Whilst the restaurants and takeaways present in almost every British village, town and city are often the most visible symbols associated with the British-Chinese, they do not represent all that British-Chinese people have achieved in the UK. There is much more, and in my view the British-Chinese make an outstanding contribution to our country. This reflects the hard-working nature and aspirational values of a community that places a premium on education, family values and social mobility.

Figures in the recently-released Sewell Report, and the last census, bear this out: British-Chinese children outperform every other ethnic group at Key Stage 2, GCSE and A-Level, are the most likely to attend university, and are then amongst the highest earners ten years after completing their first degree (earning more than the White British average). In fact, Sewell calls on the Department for Education tounderstand and replicate the factors that have led to educational success” for British-Chinese people.

Social mobility is very high, with only five per cent of British-Chinese children remaining in the same routine manual positions as their parents. Second, third and fourth generation British-Chinese are less likely to work in geographically-isolated restaurants and takeaways with long, unsociable hours, and are occupying more professional jobs. British-Chinese people are the least likely ethnic group to receive state benefits, and the least likely to be stopped by the police.

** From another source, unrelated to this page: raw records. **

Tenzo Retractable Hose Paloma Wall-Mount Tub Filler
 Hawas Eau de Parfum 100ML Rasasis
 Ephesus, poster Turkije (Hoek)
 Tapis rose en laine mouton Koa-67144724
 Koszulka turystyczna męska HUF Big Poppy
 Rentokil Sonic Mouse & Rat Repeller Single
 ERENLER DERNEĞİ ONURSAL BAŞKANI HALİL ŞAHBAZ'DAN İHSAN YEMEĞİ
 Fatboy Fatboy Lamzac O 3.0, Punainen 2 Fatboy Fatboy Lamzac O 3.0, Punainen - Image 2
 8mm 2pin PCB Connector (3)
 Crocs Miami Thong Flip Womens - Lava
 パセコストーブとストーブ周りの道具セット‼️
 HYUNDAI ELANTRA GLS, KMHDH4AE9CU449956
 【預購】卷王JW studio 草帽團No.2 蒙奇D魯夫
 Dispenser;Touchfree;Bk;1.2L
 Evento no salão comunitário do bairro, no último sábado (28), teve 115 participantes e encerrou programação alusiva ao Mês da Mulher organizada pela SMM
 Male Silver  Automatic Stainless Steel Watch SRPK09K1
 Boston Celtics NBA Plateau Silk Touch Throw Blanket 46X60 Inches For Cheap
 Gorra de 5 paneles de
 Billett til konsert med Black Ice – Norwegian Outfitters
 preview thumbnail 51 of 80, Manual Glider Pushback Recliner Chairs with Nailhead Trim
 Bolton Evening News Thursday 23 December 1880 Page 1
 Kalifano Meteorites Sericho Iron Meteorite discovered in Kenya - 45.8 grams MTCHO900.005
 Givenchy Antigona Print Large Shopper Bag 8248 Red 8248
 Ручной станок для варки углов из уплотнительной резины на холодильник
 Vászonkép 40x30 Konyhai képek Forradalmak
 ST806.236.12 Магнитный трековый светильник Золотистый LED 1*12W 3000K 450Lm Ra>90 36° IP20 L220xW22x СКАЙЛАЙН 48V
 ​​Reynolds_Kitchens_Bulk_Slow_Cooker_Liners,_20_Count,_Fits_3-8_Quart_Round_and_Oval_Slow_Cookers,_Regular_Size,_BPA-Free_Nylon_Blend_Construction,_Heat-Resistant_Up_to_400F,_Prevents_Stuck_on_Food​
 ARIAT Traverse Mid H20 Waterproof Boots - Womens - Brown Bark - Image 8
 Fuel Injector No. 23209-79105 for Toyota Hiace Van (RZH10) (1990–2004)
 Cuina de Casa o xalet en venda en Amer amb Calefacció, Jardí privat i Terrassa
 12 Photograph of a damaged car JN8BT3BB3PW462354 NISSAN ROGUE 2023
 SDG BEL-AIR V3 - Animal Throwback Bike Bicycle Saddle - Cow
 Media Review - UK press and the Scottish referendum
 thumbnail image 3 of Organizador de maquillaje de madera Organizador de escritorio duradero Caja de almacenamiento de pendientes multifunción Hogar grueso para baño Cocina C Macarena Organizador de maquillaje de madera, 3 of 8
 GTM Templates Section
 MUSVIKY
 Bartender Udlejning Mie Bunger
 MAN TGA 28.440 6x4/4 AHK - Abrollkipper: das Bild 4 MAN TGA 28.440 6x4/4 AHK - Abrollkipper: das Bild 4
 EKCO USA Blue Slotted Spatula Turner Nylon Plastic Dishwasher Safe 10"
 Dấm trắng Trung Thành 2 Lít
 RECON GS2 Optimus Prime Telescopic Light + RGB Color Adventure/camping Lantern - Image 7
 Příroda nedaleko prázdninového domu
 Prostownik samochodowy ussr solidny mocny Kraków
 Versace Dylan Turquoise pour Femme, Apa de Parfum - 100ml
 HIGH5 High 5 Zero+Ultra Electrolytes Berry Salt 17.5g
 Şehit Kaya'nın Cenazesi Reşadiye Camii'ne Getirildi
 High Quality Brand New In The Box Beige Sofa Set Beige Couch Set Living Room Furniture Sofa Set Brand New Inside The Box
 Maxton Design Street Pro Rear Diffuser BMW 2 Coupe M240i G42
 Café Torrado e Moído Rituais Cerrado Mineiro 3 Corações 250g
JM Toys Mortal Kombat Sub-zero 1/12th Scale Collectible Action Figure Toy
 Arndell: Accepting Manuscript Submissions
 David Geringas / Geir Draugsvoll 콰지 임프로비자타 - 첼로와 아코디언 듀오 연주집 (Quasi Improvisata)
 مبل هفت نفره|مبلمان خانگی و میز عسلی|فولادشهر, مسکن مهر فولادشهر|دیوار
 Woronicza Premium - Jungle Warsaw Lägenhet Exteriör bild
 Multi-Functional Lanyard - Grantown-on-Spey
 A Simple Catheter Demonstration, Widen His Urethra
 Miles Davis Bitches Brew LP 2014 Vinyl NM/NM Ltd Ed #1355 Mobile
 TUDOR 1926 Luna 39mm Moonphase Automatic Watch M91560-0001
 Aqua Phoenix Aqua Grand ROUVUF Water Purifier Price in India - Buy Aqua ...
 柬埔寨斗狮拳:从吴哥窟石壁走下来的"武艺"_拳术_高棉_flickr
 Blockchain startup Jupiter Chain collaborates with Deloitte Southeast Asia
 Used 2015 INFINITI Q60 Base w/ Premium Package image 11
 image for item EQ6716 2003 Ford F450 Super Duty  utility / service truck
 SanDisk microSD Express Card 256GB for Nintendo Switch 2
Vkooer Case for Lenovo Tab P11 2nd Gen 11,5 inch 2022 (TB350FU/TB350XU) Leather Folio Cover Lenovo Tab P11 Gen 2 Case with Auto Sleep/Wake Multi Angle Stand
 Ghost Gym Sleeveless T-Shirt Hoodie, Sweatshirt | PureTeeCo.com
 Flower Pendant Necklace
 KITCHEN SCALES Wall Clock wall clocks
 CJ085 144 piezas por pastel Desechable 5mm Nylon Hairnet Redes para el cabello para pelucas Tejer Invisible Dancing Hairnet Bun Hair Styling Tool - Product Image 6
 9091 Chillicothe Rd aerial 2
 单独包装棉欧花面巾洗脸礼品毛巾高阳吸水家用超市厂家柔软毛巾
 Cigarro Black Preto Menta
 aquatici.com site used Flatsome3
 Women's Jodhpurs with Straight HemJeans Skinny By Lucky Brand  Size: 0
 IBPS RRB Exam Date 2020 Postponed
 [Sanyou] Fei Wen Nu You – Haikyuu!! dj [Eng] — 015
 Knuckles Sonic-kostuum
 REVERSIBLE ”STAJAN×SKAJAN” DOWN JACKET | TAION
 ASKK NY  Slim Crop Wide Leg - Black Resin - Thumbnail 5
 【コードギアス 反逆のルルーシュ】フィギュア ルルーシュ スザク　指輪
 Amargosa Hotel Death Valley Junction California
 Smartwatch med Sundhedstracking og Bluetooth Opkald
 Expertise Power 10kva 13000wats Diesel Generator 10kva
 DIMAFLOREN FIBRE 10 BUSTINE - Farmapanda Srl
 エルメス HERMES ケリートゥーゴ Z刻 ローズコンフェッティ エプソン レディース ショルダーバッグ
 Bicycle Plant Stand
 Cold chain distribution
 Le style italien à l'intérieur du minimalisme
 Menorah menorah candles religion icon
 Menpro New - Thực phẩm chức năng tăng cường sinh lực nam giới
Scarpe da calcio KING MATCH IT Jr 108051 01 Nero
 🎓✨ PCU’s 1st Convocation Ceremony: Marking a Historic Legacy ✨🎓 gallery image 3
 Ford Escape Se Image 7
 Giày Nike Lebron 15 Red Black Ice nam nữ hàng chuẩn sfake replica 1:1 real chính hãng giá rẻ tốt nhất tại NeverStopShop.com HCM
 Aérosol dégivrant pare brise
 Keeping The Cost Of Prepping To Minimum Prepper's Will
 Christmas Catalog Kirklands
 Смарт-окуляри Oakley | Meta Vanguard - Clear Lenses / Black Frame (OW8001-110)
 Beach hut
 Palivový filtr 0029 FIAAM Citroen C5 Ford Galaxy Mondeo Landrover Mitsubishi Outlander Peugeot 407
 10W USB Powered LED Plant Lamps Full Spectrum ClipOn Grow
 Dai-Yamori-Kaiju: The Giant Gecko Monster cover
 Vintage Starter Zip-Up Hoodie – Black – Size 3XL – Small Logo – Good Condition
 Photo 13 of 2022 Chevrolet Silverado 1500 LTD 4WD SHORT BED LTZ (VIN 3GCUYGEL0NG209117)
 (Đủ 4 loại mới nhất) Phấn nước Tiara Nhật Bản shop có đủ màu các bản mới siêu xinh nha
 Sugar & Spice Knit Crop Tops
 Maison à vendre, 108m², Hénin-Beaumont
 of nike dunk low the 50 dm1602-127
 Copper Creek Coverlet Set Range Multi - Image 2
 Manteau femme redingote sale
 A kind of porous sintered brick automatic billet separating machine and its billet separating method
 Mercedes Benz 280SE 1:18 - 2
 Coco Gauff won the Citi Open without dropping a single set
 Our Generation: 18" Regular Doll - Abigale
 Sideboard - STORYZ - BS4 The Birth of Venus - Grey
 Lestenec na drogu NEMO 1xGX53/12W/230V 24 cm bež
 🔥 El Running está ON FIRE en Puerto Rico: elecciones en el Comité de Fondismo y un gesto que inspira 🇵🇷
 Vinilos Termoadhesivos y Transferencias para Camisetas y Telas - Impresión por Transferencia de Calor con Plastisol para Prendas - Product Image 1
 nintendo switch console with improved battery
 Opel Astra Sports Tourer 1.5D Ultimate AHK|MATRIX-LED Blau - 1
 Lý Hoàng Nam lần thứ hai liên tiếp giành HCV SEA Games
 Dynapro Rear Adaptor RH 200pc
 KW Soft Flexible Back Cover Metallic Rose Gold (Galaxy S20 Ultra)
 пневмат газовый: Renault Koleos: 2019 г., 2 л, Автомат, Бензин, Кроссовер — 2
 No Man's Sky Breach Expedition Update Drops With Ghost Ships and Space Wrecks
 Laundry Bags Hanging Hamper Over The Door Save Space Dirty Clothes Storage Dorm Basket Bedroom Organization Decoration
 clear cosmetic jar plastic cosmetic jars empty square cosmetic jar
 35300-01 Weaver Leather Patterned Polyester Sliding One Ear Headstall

The Sewell Report identified different outcomes for different ethnic groups on a range of indices from educational outcomes to home ownership, and from that statistical perspective the British-Chinese are, in general, doing well. My generation is certainly better off in many ways than my parents’ or my grandparents’. Unsurprisingly, The Economist described the British-Chinese as “a model minority as well as a silent one” – referencing the tendency to keep their heads down, particularly when it comes to getting involved in public life or coming to the attention of the media.

Coronavirus has brought an unwelcome development in that regard, and proved a tough time for some. Whilst the British-Chinese community has nothing to do with the virus breaking out, the pandemic led to a growth in abuse, perpetrated by a senseless minority, against both British-Chinese people and others of East Asian appearance.

During the first wave, the Metropolitan Police recorded 166 verbal, online and physical attacks in February and March 2020 on people of East Asian appearance, up from 66 during the same period in the previous year. By April 2020, this rose to 261, then 323 in May, 395 in June and 381 last July. I raised this with the Home Secretary, and the National Police Chiefs’ Council has been robust in asking its forces to respond proactively to reports of such incidents.

The British-Chinese have much to be proud of, and we can all play a role in telling the British-Chinese story better. This could include launching a “Museum of the British-Chinese” to gather together stories and exhibits that illustrate the British-Chinese contribution, from supporting the Allied war effort in World War I to present day work fighting the pandemic (possibly modelled on America’s national equivalent); and introducing a “British-Chinese and East Asian Heritage Month” to highlight contemporary success stories and raise awareness of how the community started in the UK.

Single-issue identity lobby groups often speak about Britain’s minorities with a pessimism bias in their narratives. Only by focusing on the facts, and empirical data specifically, can we discern a more accurate, balanced picture. Modern Britain is a place where everyone can thrive regardless of their background, and the success of British-Chinese people reflects the opportunities our country continues to provide.